Patrick Mattar, from the iShares EMEA capital markets team at BlackRock, comments on the five key stories behind the European ETP flows in August:
Key themes this month:
- Ooh la la
- August was another positive month for European equities. Despite being down on July’s figure, the $1.1B that went into EMEA-listed ETFs mean there have now been 12 consecutive months of European equity ETP inflows – the longest inflow run on record.
- We also witnessed the continuation of a trend highlighted last month: the bulk of the flow into European equities across all listing went into EMEA-listed ETPs. US-listed equivalents had a monthly outflow (-$120m) for only the second time since November 2016.
- It seems clear that US investors’ appetite for European equities has waned somewhat in the last couple of months while European investors have continued to allocate and with scale.
- The trend is your friend
- There was a $300m net inflow to EMEA-listed momentum factor ETFs in August, the largest month for flows into momentum exposures ever. The majority went to world equity momentum ETFs.
- Over the last 12 months, there has been something of a rotation out of the low volatility factor towards the value factor. From the start of the year to end-July, there were inflows of $3.0B into EMEA-listed momentum ETFs. Since July, flows into value factor ETFs have stalled, while momentum factor funds have had record inflows.
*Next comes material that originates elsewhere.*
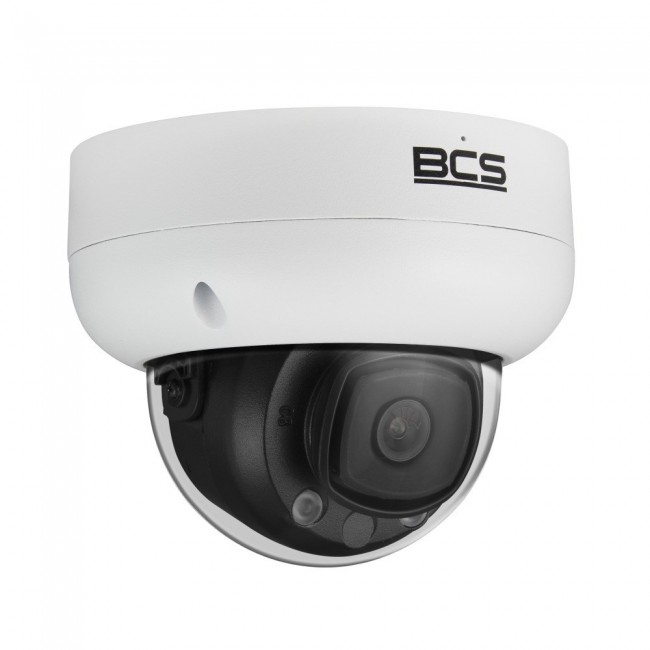 BCS BCS-L-DIP25FCR5L5-Ai2 Dome IP security camera Indoor & outdoor 2960 x 1668 pixels Ceiling/wall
- The momentum factor provides exposure to stocks in a given universe that have performed well in the recent past. The pick up in flows to this area suggests that some investors are currently living by that old mantra ‘the trend is your friend’.
- Banking on financials
- August was the sixth inflow month in a row for European financials sector ETPs. It also means that the last six months are the largest ever in terms of inflows for these funds, many investors may be focussing on depressed valuations after a long period of underperformance.
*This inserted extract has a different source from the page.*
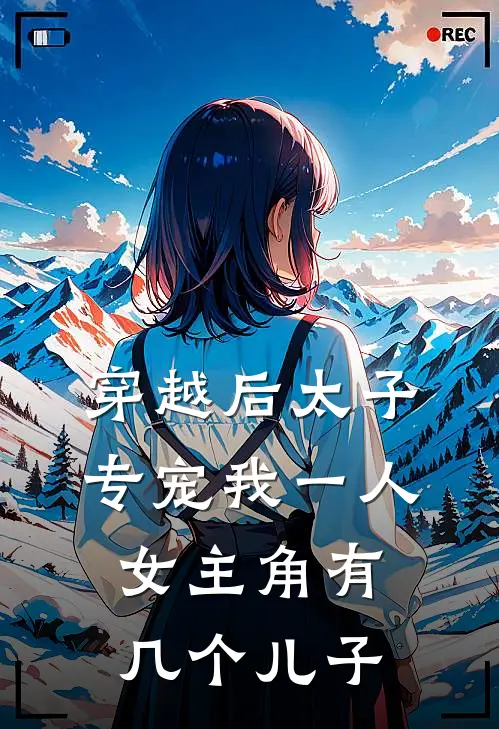 穿越后太子专宠我一人女主角有几个儿子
- There were outflows from more-defensive Europe sector ETPs with the largest withdrawals from industrials and consumer services funds, European cyclicals seem to be in vogue.
- Concurrently, open interest in Eurex-listed Eurozone banks futures contracts is close to all-time highs (€7.6B). European banks indices have had strong upward moves recently which suggests many futures positions have been dominated by bullish investors. With the exaggerated skew toward ‘long’ futures contracts increasing roll costs on these contracts, investors with a positive view on European financials may start to look to ETFs for a more efficient exposure.
- Fixed income fragmentation
- € investment grade (IG) and emerging market debt (EMD) ETPs have been the dominant inflow groups within FI in Europe this year. Combined, these products have attracted $11.2B of the total $22.1B added to EMEA-listed FI ETPs in 2017.
- August was different: €IG and EMD ETPs contributed only 37% of the total EMEA FI flows having contributed 67% of the flows over the three preceding months. The absolute flow values are also seemingly on a slight decline for both categories (see chart).
- Of the other FI categories, European sovereign and $IG ETPs were stand outs in August, attracting a combined $900m. On this evidence, it appears that investor views on FI are currently mixed with no clear consensus.
- Gold rush
- EMEA-listed Gold ETPs attracted $0.3B in August, continuing a strong period for the yellow metal: there have been inflows every month and a cumulative $3.7B of inflows into EMEAlisted gold ETPs this year.
- We have previously highlighted that US and EMEA investors appear to have had opposing views on gold this year. In August, this pattern reversed as there were inflows into both. US-listed gold ETPs attracted $1.1B.
- In a month characterised by rising tensions between the US and North Korea it appears that US investors have started to shelter in gold.